## Information supplied
══════════
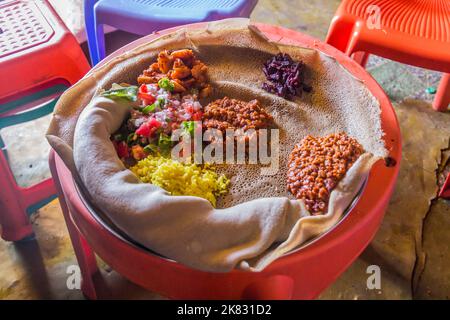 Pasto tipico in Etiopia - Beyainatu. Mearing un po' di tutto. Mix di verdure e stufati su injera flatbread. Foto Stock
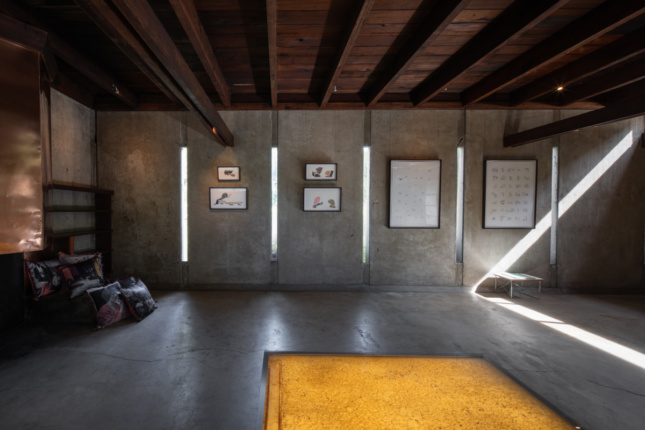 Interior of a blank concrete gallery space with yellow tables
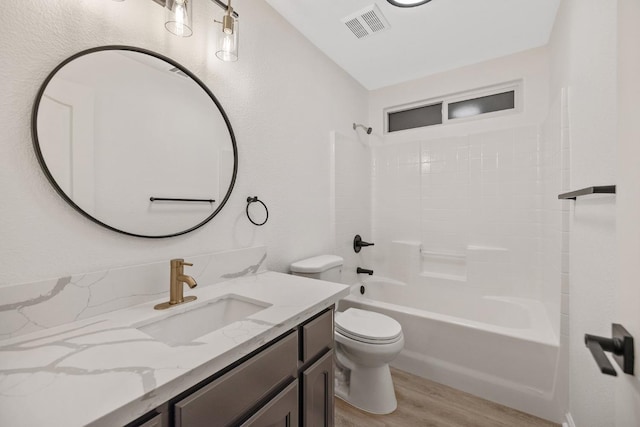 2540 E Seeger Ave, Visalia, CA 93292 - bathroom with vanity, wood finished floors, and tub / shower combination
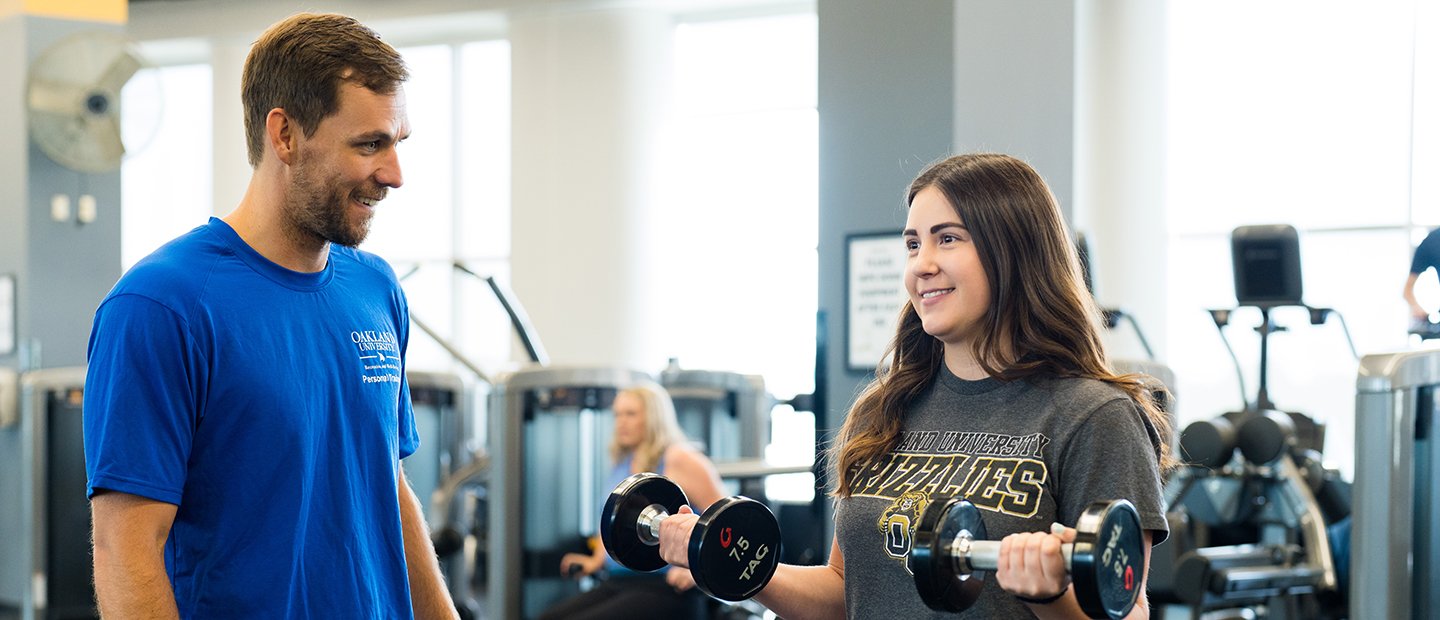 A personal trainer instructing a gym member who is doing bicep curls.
══════════
Give back all of the material exactly, though without the images it contains.

 Pasto tipico in Etiopia - Beyainatu. Mearing un po' di tutto. Mix di verdure e stufati su injera flatbread. Foto Stock
 Interior of a blank concrete gallery space with yellow tables
 2540 E Seeger Ave, Visalia, CA 93292 - bathroom with vanity, wood finished floors, and tub / shower combination
 A personal trainer instructing a gym member who is doing bicep curls.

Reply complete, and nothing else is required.